In the case of Arisons Trading vs. Mil Gov. Ogun State (2009) All FWLR (Pt. 496) 1819 the Supreme Court stated the position of general traverse as follows at page 1850: “It has for long been the practice that such general traverse in a statement of Defence is always given effect along with the whole tenor of the other averments in the other paragraphs of the statement of Defence. Thus it is not the practice to consider each paragraph of the Statement of Defence in isolation, but in conjunction with other paragraphs so that the issue joined in the pleadings can be properly ascertained, Ugochukwu v. Co-operative and Commerce Bank Ltd. (1996) 7 SCNJ 22 at 35 (1996) 6 NWLR (PT. 456) 524; Pan African Co. Ltd. v. NICON Ltd. (1982) 9 SC 1.” PER ISAIAH OLUFEMI AKEJU, J.C.A.
In The Court of Appeal of Nigeria
On Tuesday, the 12th day of July, 2011
ISAIAH OLUFEMI AKEJU, J.C.A. (Delivering the Leading Judgment): This is an appeal against the judgment of the High Court of Akwa Ibom State, sitting at Uyo delivered on 17/6/2010 in Suit No. HU/283/2007. The Respondents as the Plaintiffs before the High Court (hereinafter called the lower court) commenced the action through the Writ of Summons filed with the Statement of Claim on 23/7/2007 for the reliefs endorsed on the Writ of Summons and stated in paragraph 16 of the Statement of Claim as follows:
“Whereof the Plaintiffs claim against the Defendant as follows:
(a) Ten million, one hundred and seven thousand, four hundred and fifteen naira, twenty four kobo (N10,107,415.24) only, in special damages, being money standing to the credit of the plaintiffs in account number 314430280601 opened with the Defendant.

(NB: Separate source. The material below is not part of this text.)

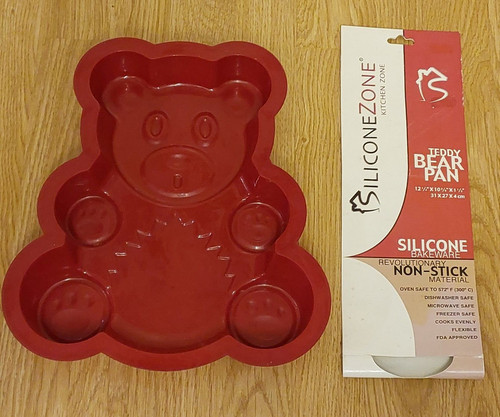 Large silicone red teddy - red,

(b) Fifty million naira (50,000,000.00) being general and exemplary damages against the Defendant for breach of contact.”
The Appellant as the Defendant filed a Statement of Defence which was later amended as in the Amended Statement of Defence filed on 10/12/2007. At the trial, the Plaintiffs called one witness and the Defendant too called one witness. After the adoption of written addresses by the learned counsel, the lower court in the judgment delivered on 17/6/2010, granted the Plaintiff’s claim for N10,107,415.24 as special damages and awarded N25,000,000.00 as general and exemplary damages to the Plaintiffs.
The Defendant (hereinafter called the Appellant) felt dissatisfied with the judgment of the lower court and appealed to this court by the Notice of Appeal filed on 23/6/2010 which was later amended. The Amended Notice of Appeal filed with the leave of this court on 28th February, 2011 contains four grounds of appeal from which two issues were formulated for determination in the Appellant’s Brief of Argument settled by Ekpedeme Nelson-Iyoho, learned counsel for Appellants and filed on 30/12/2010 but deemed as properly filed on 28/2/2011.
The two issues in the Appellant’s Brief are as follows:
“1. Whether the order awarding N25m as general and exemplary damages against the Appellant for breach of contract by the trial judge was competent.
2. Whether as shown in evidence there were proper Plaintiffs before the court and if not whether the entire proceedings and judgment of the learned trial judge was competent.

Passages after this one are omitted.